Similar to other asymmetric games, there are two teams. The innocents and the traitors. The traitors know who the other traitors are. The innocents don't know which team other agents belong to. To overcome this disadvantage, the innocent team is larger.
The innocents have two goals. The first goal is to fulfill a task, in this case collect coins which are randomly scattered around the world. The second is to find out who the traitors are.
The traitors' goal is to prevent the innocents from collecting the coins by breaking coins while not being detected as traitors. A key game mechanic is that agents can remove other agents from the game for that round. Agents share the same reward depending on which team they are in. For example, if one innocent collects a coin, all agents receive a reward (innocents positive and traitors negative). If an innocent is removed, all innocents get the punishment, all traitors get the reward. These rewards can be configured, see Configuration
When innocents move over a cell containing a coin the coin is automatically collected and disappears from the map. When traitors move over a cell containing a coin the coin is automatically broken and is replaced with a broken coin. This broken coin has a freshness value indicating how long ago it was broken. Broken coins are still visible to both teams; however, they cannot be interacted with anymore (they can't be collected anymore).
There are currently two mechanisms for removing agents. The primary way is through voting. An alternative way, attacking, can also be used.

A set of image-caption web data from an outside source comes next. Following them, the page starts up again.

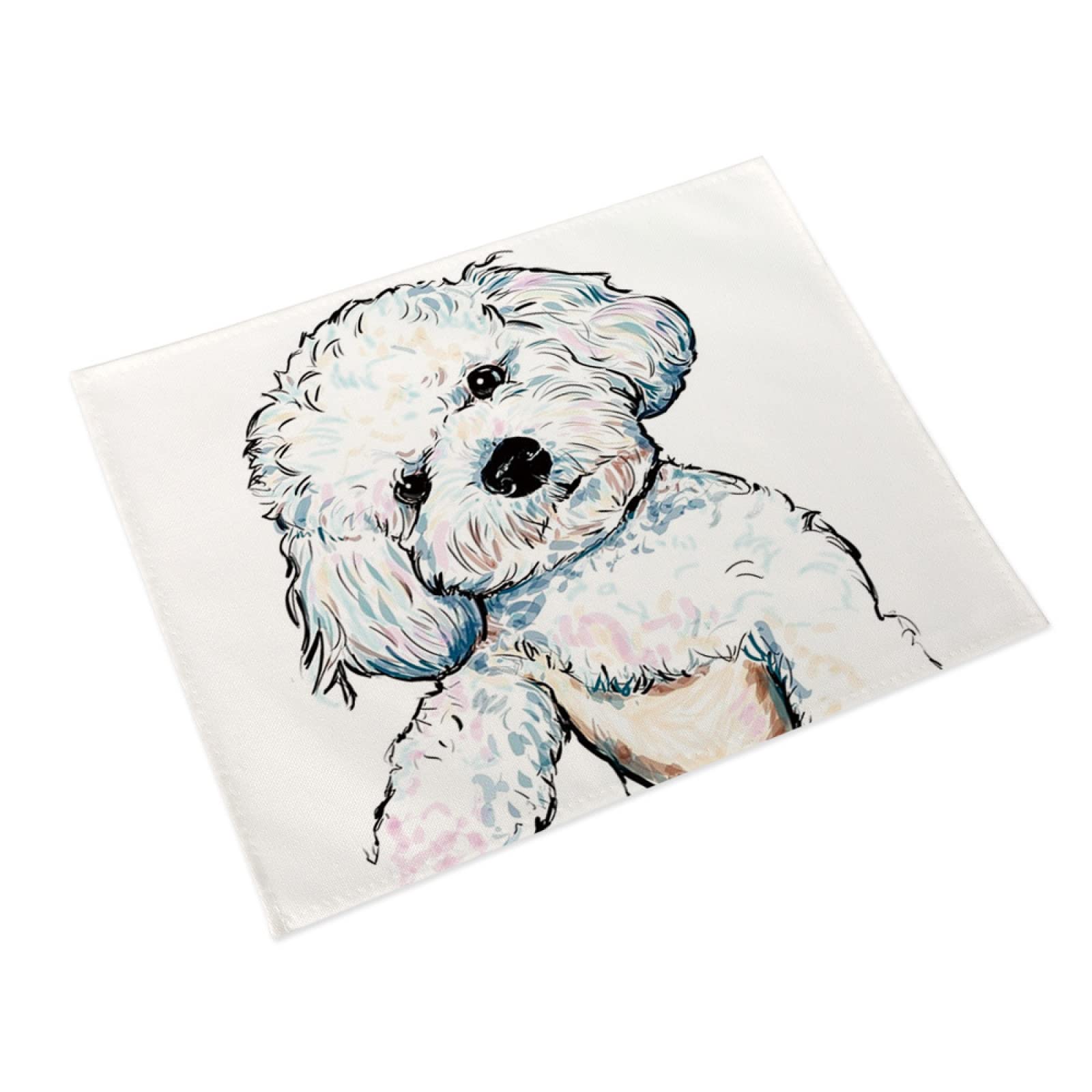Manteles Individuales Perro Blanco Rosa Claro Mantel Individual Algodón y Lino Lavable Salvamanteles Individuales Resistente al Calor Bajoplatos Individuales Mesa Tapetes para Mesa 30x45cm 6 Pcs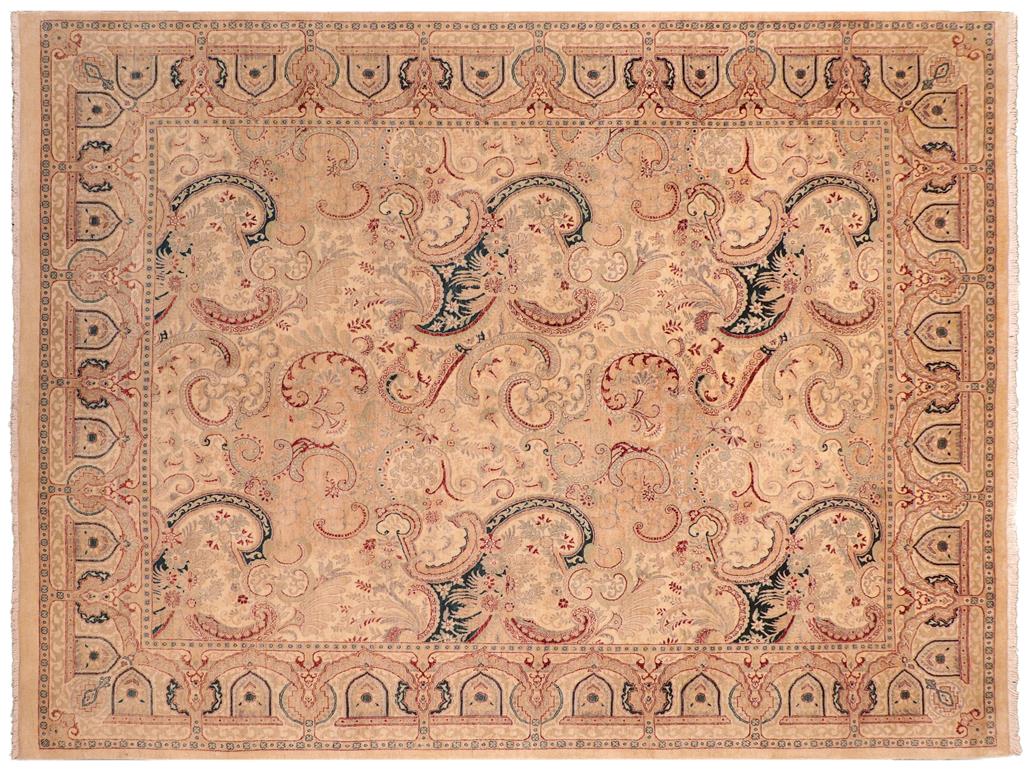 handmade Traditional  Ivory Ivory Hand Knotted RECTANGLE 100% WOOL area rug 8x10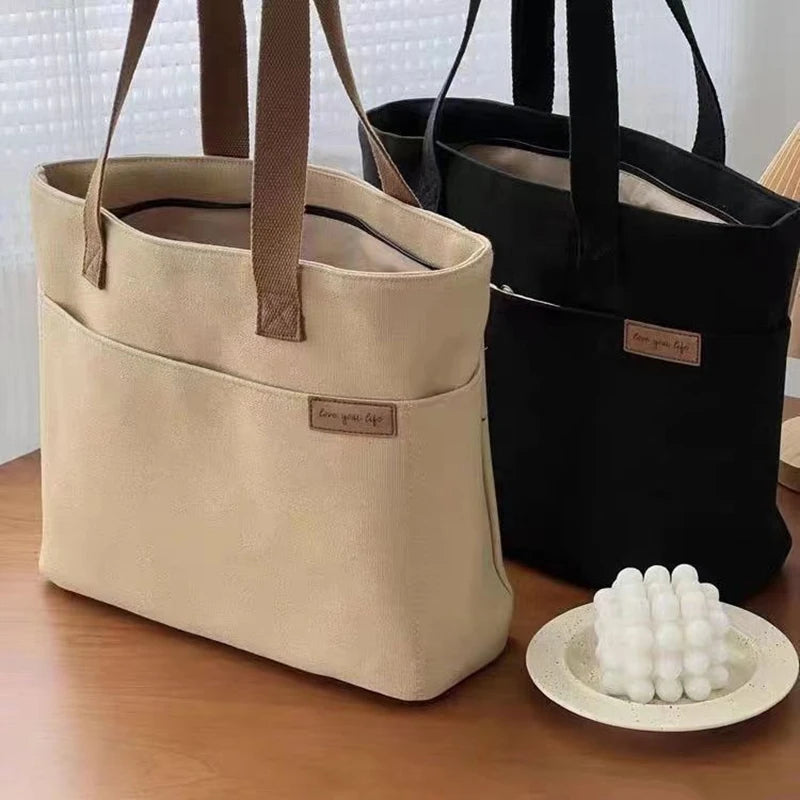 Women's 2-Layer Canvas Tote Bag - Large Capacity Student Commute Bag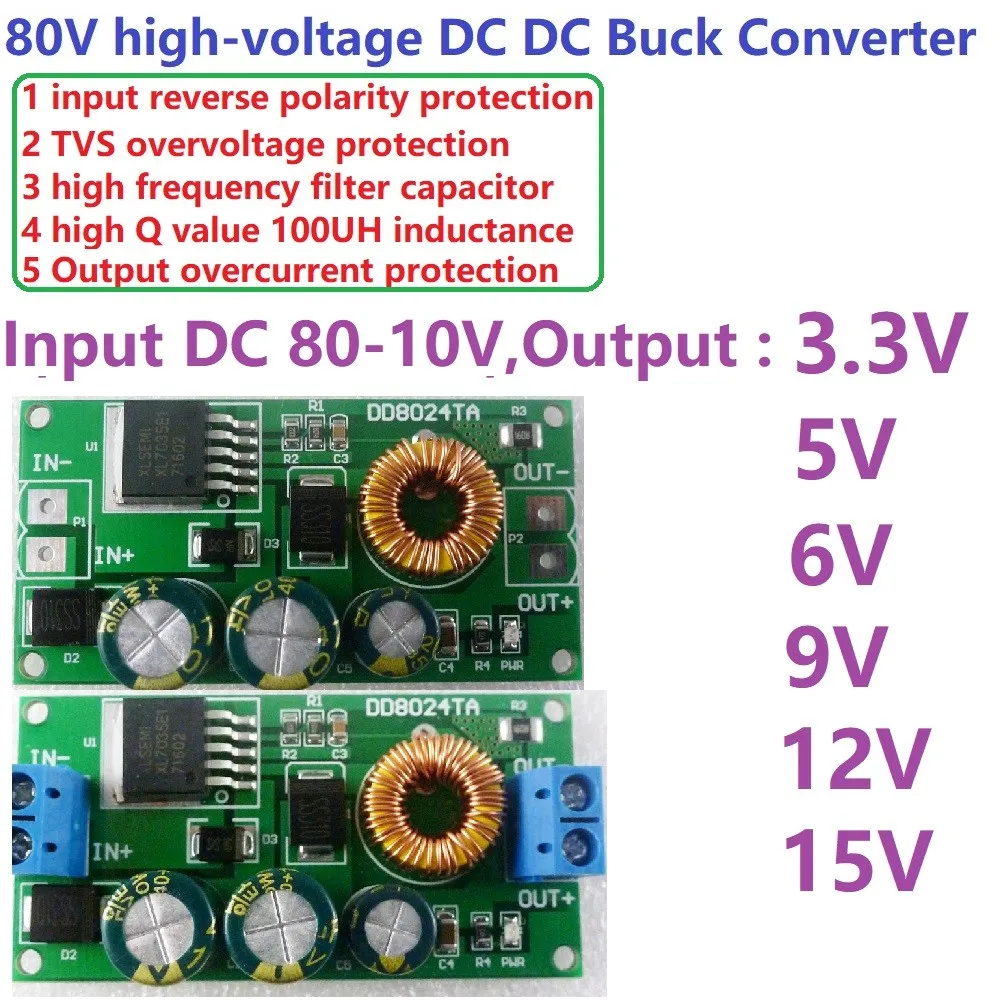 High-Voltage DC-DC Converter Buck Step-Down Regulator Module 80V 72V 64V 60V 48V 36V 24V to 15V 12V 9V 6V 5V 3.3V LED Driver |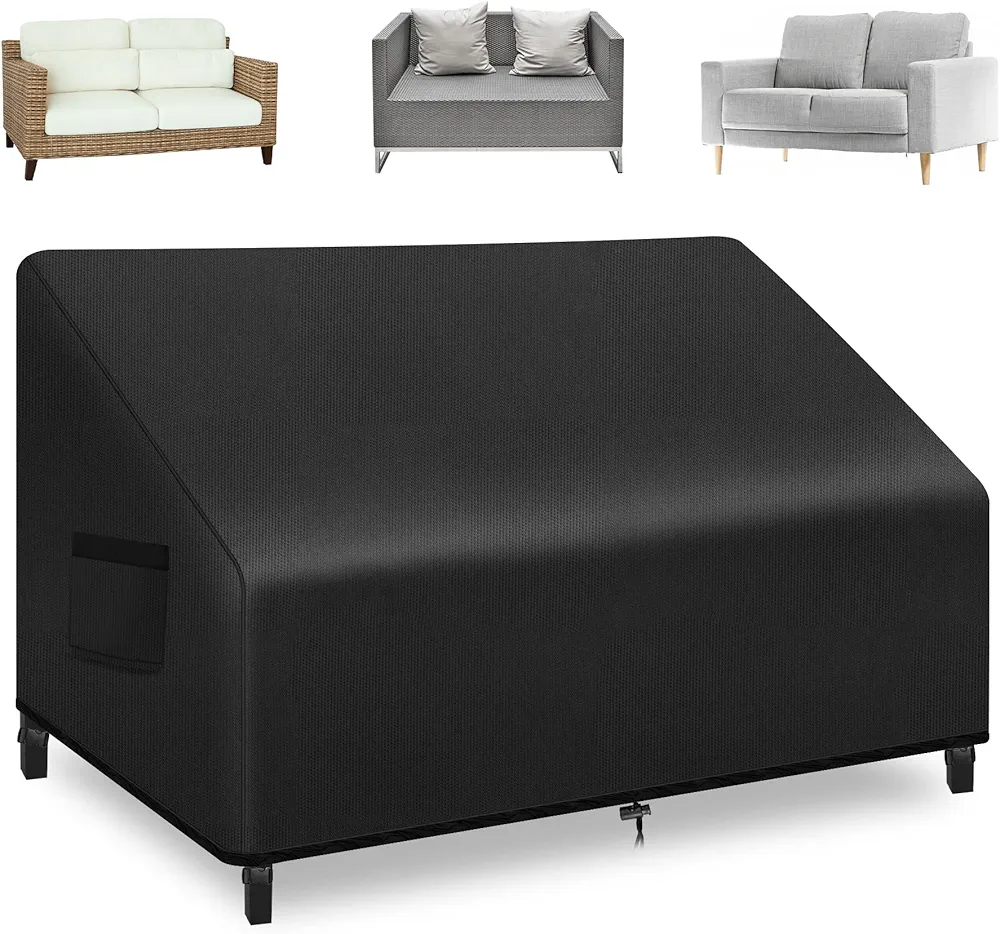 Miuwauer Patio Loveseat Cover Waterproof 60" Wx34 Dx30 H Outdoor Couch Cover Heavy Duty with Air Vent Patio Furniture Covers for 2-Seat Couch Sofa Loveseat Lawn Garden, Black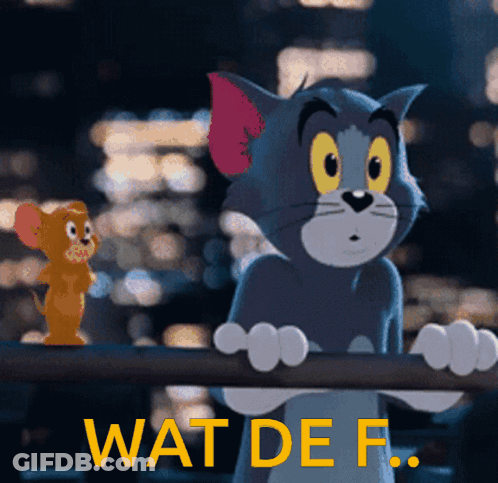 Tom And Jerry Saying Wat De F GIF
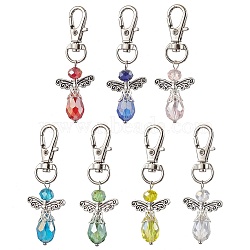 Angel Glass Pendant Decoration, Alloy Swivel Clasp Charms for Bag Ornaments, Mixed Color, 63mm(HJEW-JM02154)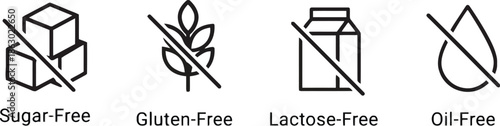 Collection of food restriction icons representing diet needs and dietary information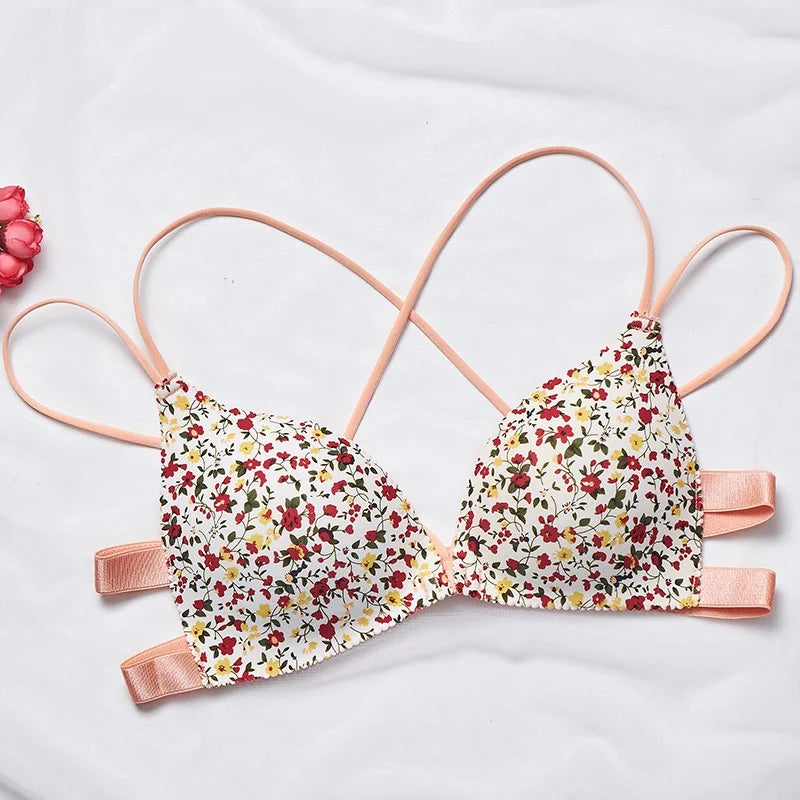 Soutien-gorge à imprimé floral pour femmes, sous-vêtements sans couture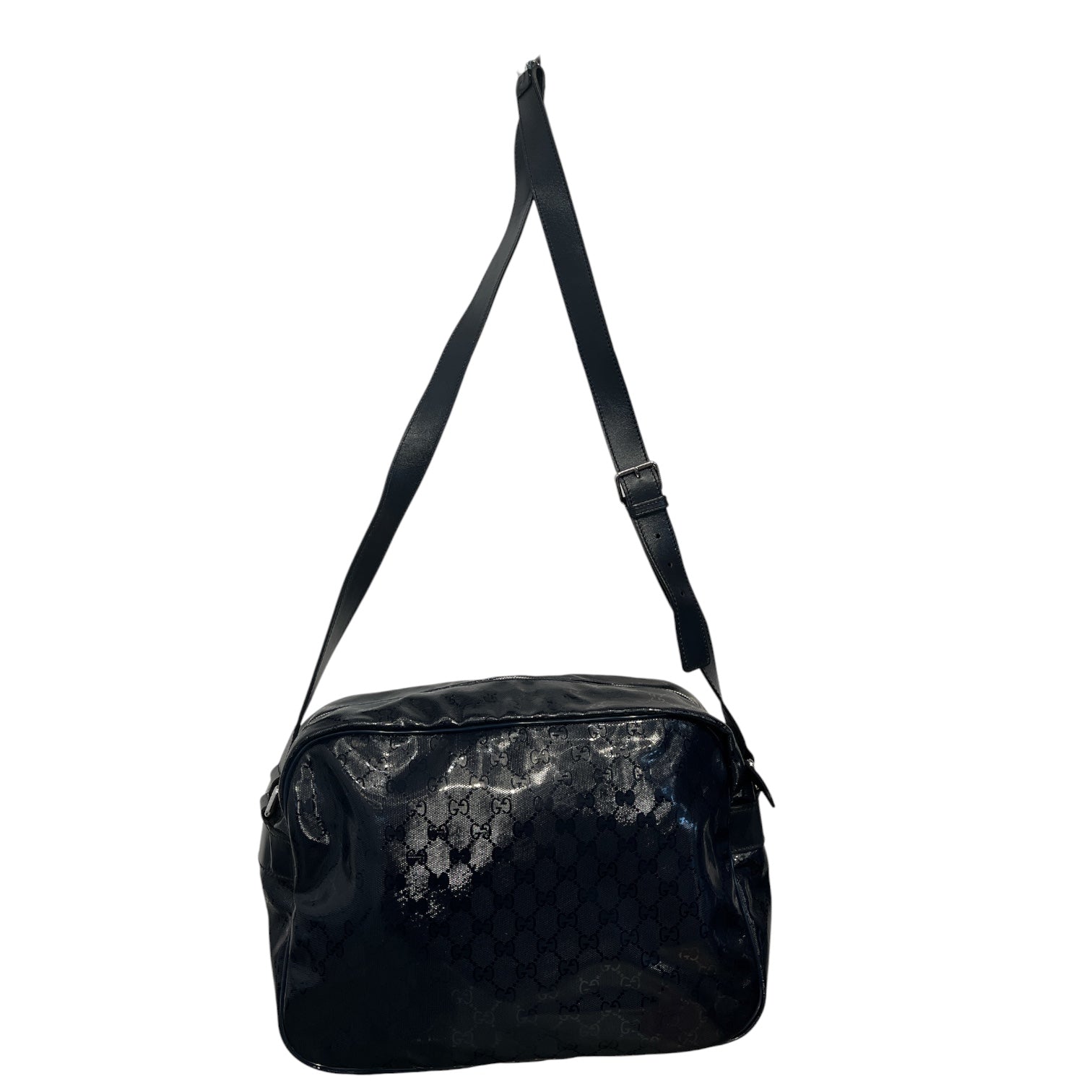 GUCCI/Cross Body Bag/Monogram/NVY/COATED CANVAS GG MESSENGER view 2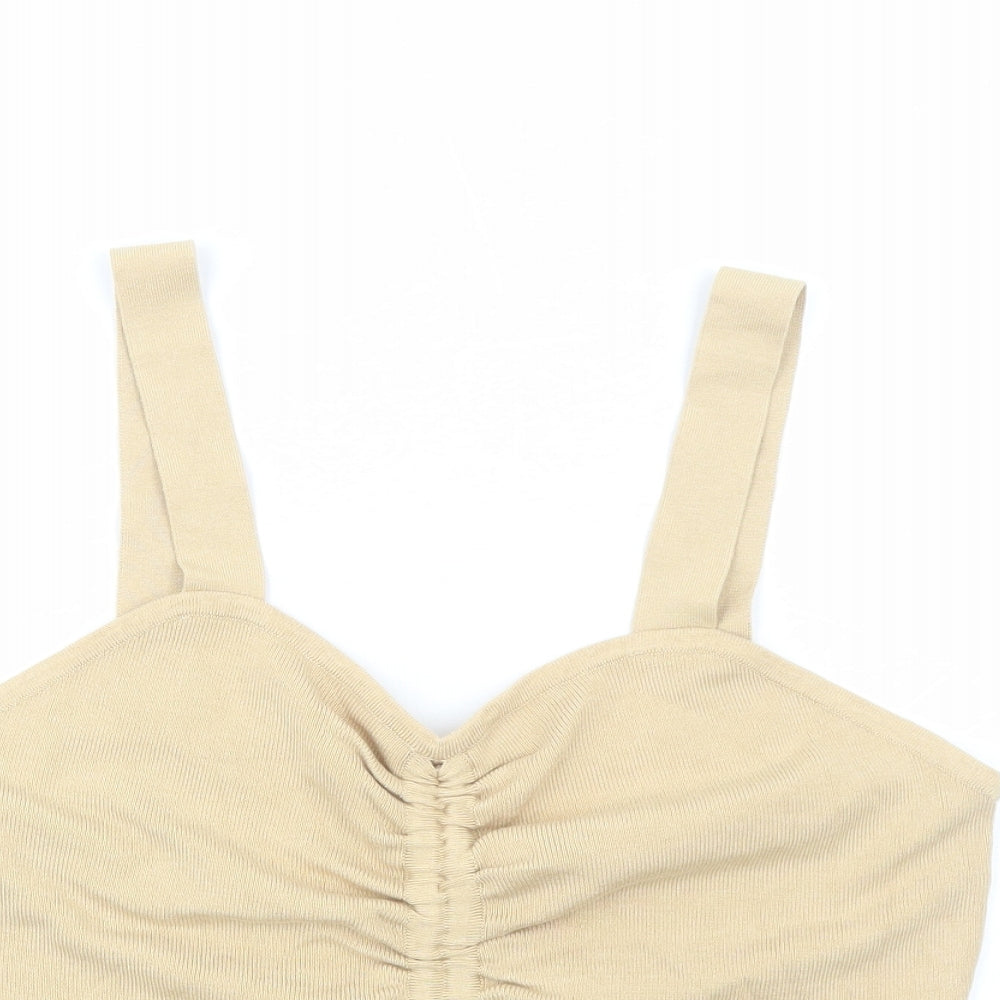 Womens UK Size L H&M Beige Cropped Tank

Each round all agents indicate who they vote for. Agents can vote for as many agents (even for themselves) as the want to each round. If an agent votes to remove another agent, this vote will be stuck for a set number of rounds indicated by the configuration parameter sticky_votes
. I.e., even if the agent doesn't vote for the other agent anymore the next round, the vote will stay until the set number of rounds is up. (The time is reset if the vote is set again)
Innocents can attack other agents within a range. If they attack an agent, that agent is immediately removed from the game. (Note: Traitors cannot currently attack, this is to make the game more balanced but might be interesting to explore in the future, see Future Work)
The innocents try to collect the coins as fast as possible. The traitors try to destroy coins without being seen. If an innocent sees a traitor breaking a coin, they vote for the traitor. Traitors try to trick innocents into voting for other innocents. Traitors should not vote for traitors unless in very sophisticated strategies where traitors might try to gain trust of other innocents.
There are many different configuration parameters which can completely change game mechanics or balancing. Note that some combinations might be invalid and that some settings disable the effect of others.
These settings apply to the main CoinsTraitorsVoting
environment.
- num_agents: The number of agents, in total.
- num_traitors: The number of agents which should be traitors. num_traitors must be less than num_agents and should be less than half of total number of agents for correct balancing.
- num_coins: How many coins to spawn at the beginning of the episode.
- view_ranges: View ranges given for innocents and traitors respectively. This is the radius of the view. So total observable size will be
2*view_range + 1
for both axes. - agent_removal: Can be 'voting' or 'attacking'. The way which agent removal works. 'voting' was mainly tested.
- observable_votes: If agents can see the votes.
- horizon: After how many timesteps the episode is ended.
- sticky_votes: How long a True vote should stay stuck at True. I.e., if an agent votes for another agent in timestep 1, but not in the
sticky_votes
next timesteps, then the vote gets reset. - vote_majority_only_alive: How to determine the majority for voting. Only take into account alive agents or also removed agents.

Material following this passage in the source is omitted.